[Records from a collection]
== Segment start ==

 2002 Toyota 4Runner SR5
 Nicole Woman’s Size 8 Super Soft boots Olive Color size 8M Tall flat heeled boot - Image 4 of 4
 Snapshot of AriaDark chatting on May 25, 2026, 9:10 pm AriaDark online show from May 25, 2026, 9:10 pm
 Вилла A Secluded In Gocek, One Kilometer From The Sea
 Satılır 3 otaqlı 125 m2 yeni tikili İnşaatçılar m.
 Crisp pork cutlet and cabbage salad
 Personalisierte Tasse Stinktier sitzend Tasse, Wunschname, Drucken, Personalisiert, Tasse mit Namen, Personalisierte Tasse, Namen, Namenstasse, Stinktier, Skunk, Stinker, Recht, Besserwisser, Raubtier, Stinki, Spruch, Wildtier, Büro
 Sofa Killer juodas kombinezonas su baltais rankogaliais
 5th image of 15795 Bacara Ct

== Segment end ==
== Segment start ==

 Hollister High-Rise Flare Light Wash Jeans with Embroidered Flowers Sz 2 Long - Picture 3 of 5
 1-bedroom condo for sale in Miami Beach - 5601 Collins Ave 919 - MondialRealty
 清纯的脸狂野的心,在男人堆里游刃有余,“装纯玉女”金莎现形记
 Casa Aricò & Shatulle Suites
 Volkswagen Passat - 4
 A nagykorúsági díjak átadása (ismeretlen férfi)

== Segment end ==

DIRECTIONS>
From the records above, transcribe without alteration every line from the one with "2002 Toyota 4Runner SR5" to the one with "Personalisierte Tasse Stinktier", inclusive.

SOLVED EXERCISE>
 2002 Toyota 4Runner SR5
 Nicole Woman’s Size 8 Super Soft boots Olive Color size 8M Tall flat heeled boot - Image 4 of 4
 Snapshot of AriaDark chatting on May 25, 2026, 9:10 pm AriaDark online show from May 25, 2026, 9:10 pm
 Вилла A Secluded In Gocek, One Kilometer From The Sea
 Satılır 3 otaqlı 125 m2 yeni tikili İnşaatçılar m.
 Crisp pork cutlet and cabbage salad
 Personalisierte Tasse Stinktier sitzend Tasse, Wunschname, Drucken, Personalisiert, Tasse mit Namen, Personalisierte Tasse, Namen, Namenstasse, Stinktier, Skunk, Stinker, Recht, Besserwisser, Raubtier, Stinki, Spruch, Wildtier, Büro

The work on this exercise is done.